Article

Dynamics of liquid rope coiling

University of Amsterdam, Amsterdamo, North Holland, Netherlands
Physical Review E (Impact Factor: 2.29). 01/2007; 74(6 Pt 2):066306. DOI: 10.1103/PhysRevE.74.066306
Source: PubMed

ABSTRACT

We present a combined experimental and numerical investigation of the coiling of a liquid "rope" falling on a solid surface, focusing on three little-explored aspects of the phenomenon: The time dependence of "inertio-gravitational" coiling, the systematic dependence of the radii of the coil and the rope on the experimental parameters, and the "secondary buckling" of the columnar structure generated by high-frequency coiling. Inertio-gravitational coiling is characterized by oscillations between states with different frequencies, and we present experimental observations of four distinct branches of such states in the frequency-fall height space.

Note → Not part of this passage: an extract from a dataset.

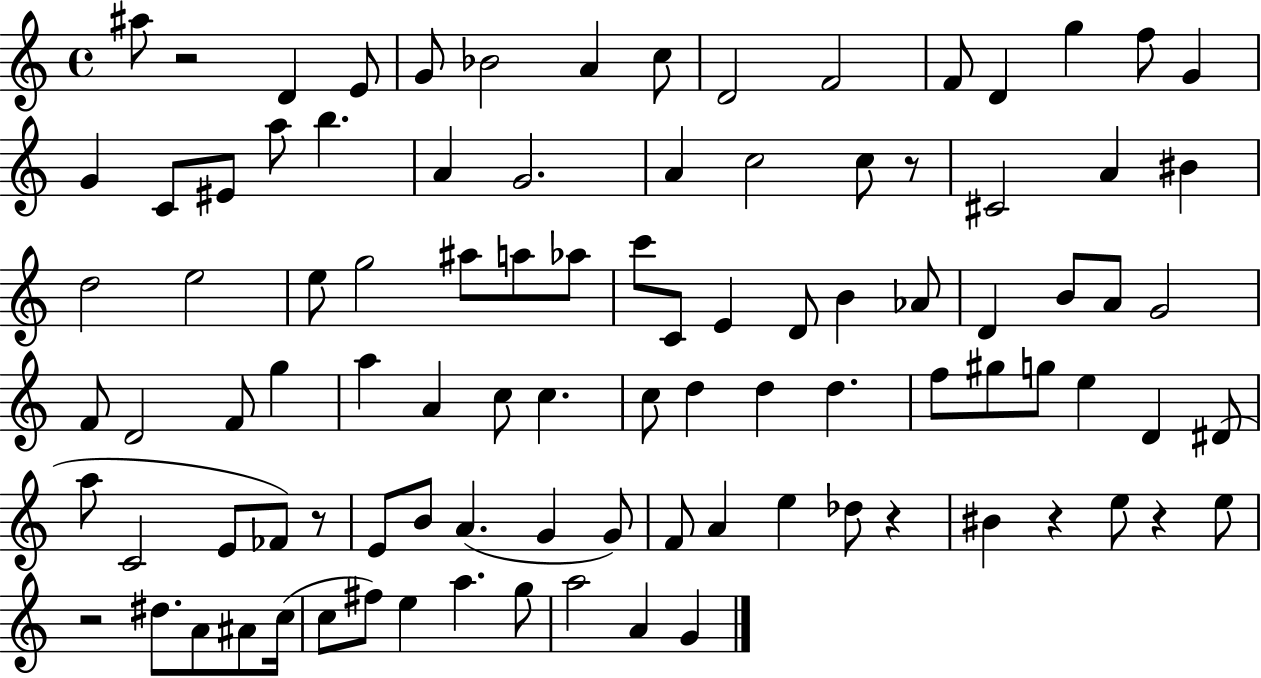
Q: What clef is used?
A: treble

The transitions between coexisting states have no characteristic period, may take place with or without a change in the sense of rotation, and usually (but not always) occur via an intermediate "figure of eight" state. We present extensive laboratory measurements of the radii of the coil and of the rope within it, and show that they agree well with the predictions of a "slender-rope" numerical model. Finally, we use dimensional analysis to reveal a systematic variation of the critical column height for secondary buckling as a function of (dimensionless) flow rate and surface tension parameters.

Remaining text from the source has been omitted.